Initially, the aim is to provide an overview and shared perspective of the current situation concerning food production, socio-economic, spatial and building structures and the needs of those involved in farming.
Thinking of and for the future
For field and vegetable farming (< 5 ha) in the greater Graz area, innovative concepts and approaches will be put to the test such as micro-farming, market gardeners, food co-ops, community-supported agriculture (CSA), frugal technologies, new organisation, cooperation and business models and multi-functional farm architecture. Needs-oriented good practice examples will also be prepared for the fields of food production, living and working, cooperation and business models, buildings and regional planning.

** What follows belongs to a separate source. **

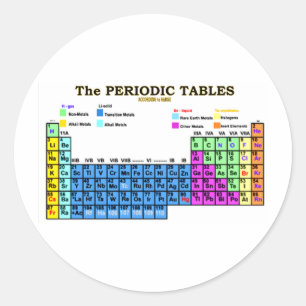 PERIODIEKE TABELLEN RONDE STICKER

Rethinking and testing the farm
One to two pilot farms will be supported in exemplary adaptation and implementation, based on a case study and interdisciplinary winter school. A specialist workshop will then follow to disseminate the findings and evaluate the transfer potential in order to strengthen urban-rural ties in local food supply, based on social innovation and transferable small-scale farm models.
Interviews and focus groups (April to September 2017)
We would like to discuss with you what defines quality of life in farming, what is important in everyday living and working and which economic models would be conceivable.
Farm surveys (April to September 2017)
The existing buildings and areas used will be analysed at three to seven selected farms in the region to highlight potential for further development.
Pilot study with project week (October 2017 – August 2018)
One to two farms will be provided with support and concepts adapted to the practical conditions. The proposals made during the project week (winter school from 05 to 09 February 2018) by students will be evaluated by a jury and pursued with the pilot farms.